Assigned task:
Your answer must be the exact lines from the one holding "ȫƷѧ��Сѧ��ѧ΢���" through the last line of the records below, with no pictures.

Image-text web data
++++++

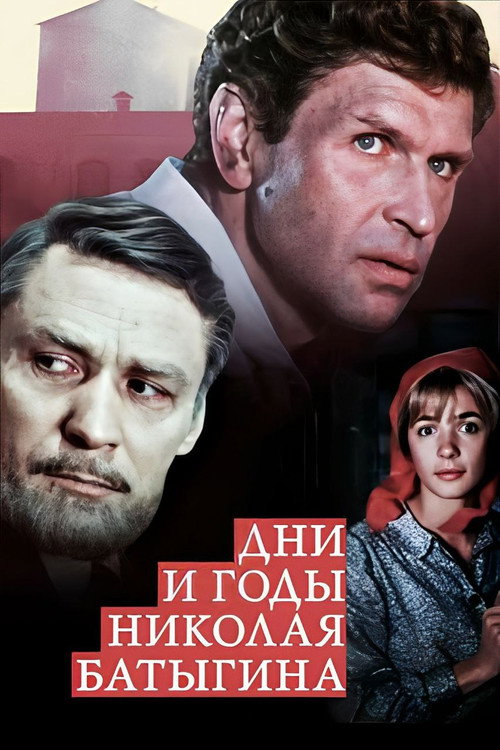 Póster de Дни и годы Николая Батыгина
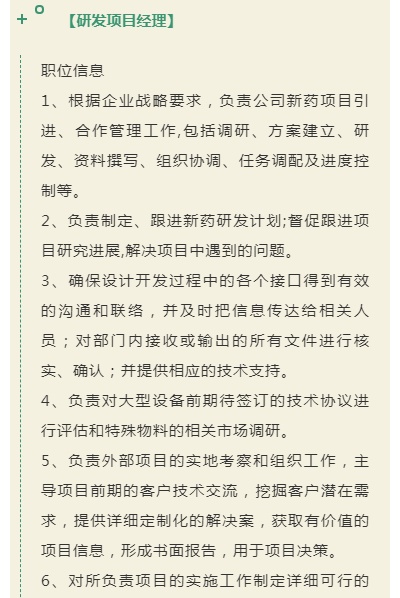 最高年薪30万！金山一家医院和一家企业招聘
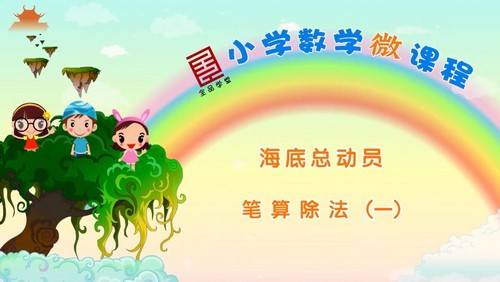 ȫƷѧ��Сѧ��ѧ΢�������꼶��ѧ�²ᱱʦ��棨25��ʱ����1.54G������Ƶ���ٶ����̱���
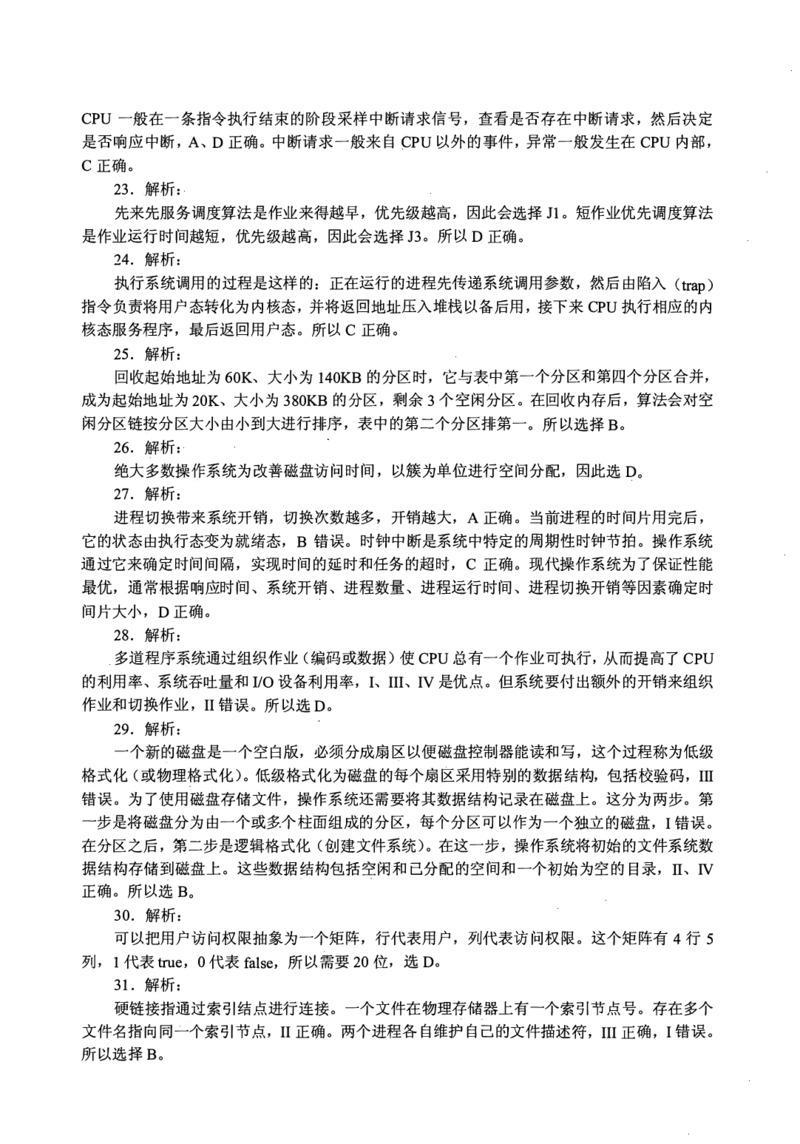 2017年计算机408统考真题解析_408计算机统考历年真题_2009-2025计算机408真题解析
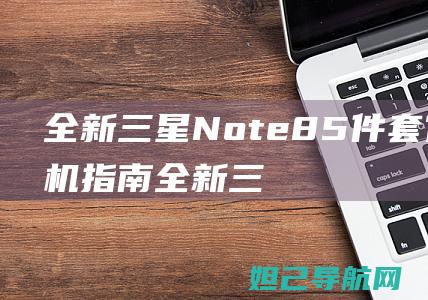 全新三星Note8 5件套官方刷机指南 (全新三星note10多少钱)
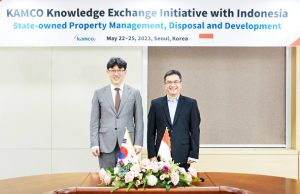 캠코, 인도네시아 정부에 ‘국유재산 관리 노하우’ 전수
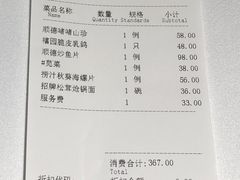 -禧宴Joyous Restaurant(禧园店)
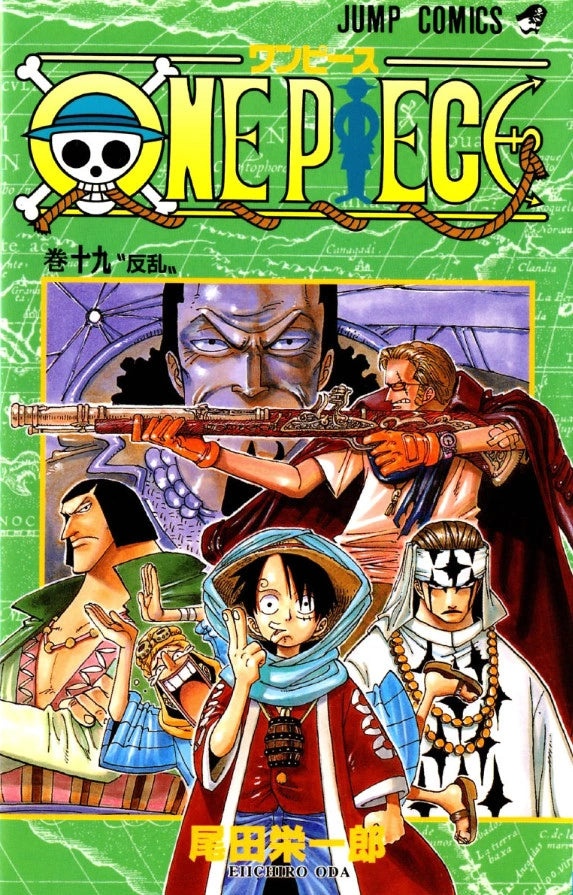 ONE PIECE VOL 19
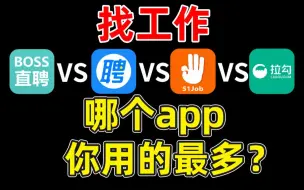 Tải video: 找工作，哪个app更好用？主流招聘app优缺点分析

++++++

Expected answer:
 ȫƷѧ��Сѧ��ѧ΢�������꼶��ѧ�²ᱱʦ��棨25��ʱ����1.54G������Ƶ���ٶ����̱���
 2017年计算机408统考真题解析_408计算机统考历年真题_2009-2025计算机408真题解析
 全新三星Note8 5件套官方刷机指南 (全新三星note10多少钱)
 캠코, 인도네시아 정부에 ‘국유재산 관리 노하우’ 전수
 -禧宴Joyous Restaurant(禧园店)
 ONE PIECE VOL 19
 Tải video: 找工作，哪个app更好用？主流招聘app优缺点分析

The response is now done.